You care most aboutLean toward
Absolute top quality on a hard problemFrontier
No hardware to buy or manageFrontier
Privacy: data must not leave your machineLocal
Working offlineLocal
High, steady volume where per-token cost adds upLocal
Trying things out with zero commitmentFrontier (pay only for what you use)

Honestly, the dividing line is rarely clean, and you don’t have to draw it once. The pattern most teams settle into is a hybrid. A small local model handles the routine bulk, things like summaries, drafts, and classification, and a frontier model gets called in for the 10% of tasks that genuinely need the extra horsepower. You get most of the privacy and cost savings of local without giving up the ceiling of frontier.

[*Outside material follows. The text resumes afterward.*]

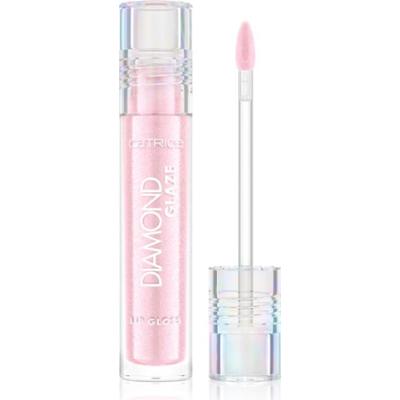 Catrice Diamond Glaze błyszczyk do ust z efektem holograficznym odcień 020 Poppin' Glitters 3 ml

If you want a model designed from the start to run on your own hardware and keep adapting to your work, that’s what Sia is built for. And if you want top-tier reasoning without managing any of it, Noesis is the hosted flagship.

Common questions

Is a frontier model always better than a local one?
At the very top end, yes. The best hosted models still lead on the hardest reasoning and coding. But for everyday tasks, a good 14–70B local model is genuinely close, and it runs entirely on your machine.
What does 'frontier' actually mean?
It's an informal label for the most capable models at any given moment: currently Claude Opus, GPT-5.5, and Gemini 3.x Pro. You rent them over an API. You never get the weights.
Do I have to choose one or the other?
No, and most people don't. A common pattern is a cheap local model for routine work and a frontier API for the hard 10%: drafts locally, the tricky reasoning hosted.
Does my data leave my computer with a local model?
No. That's the main reason people run local models. The text never leaves your machine, and it works with no internet connection. With a frontier API, your input travels to the provider.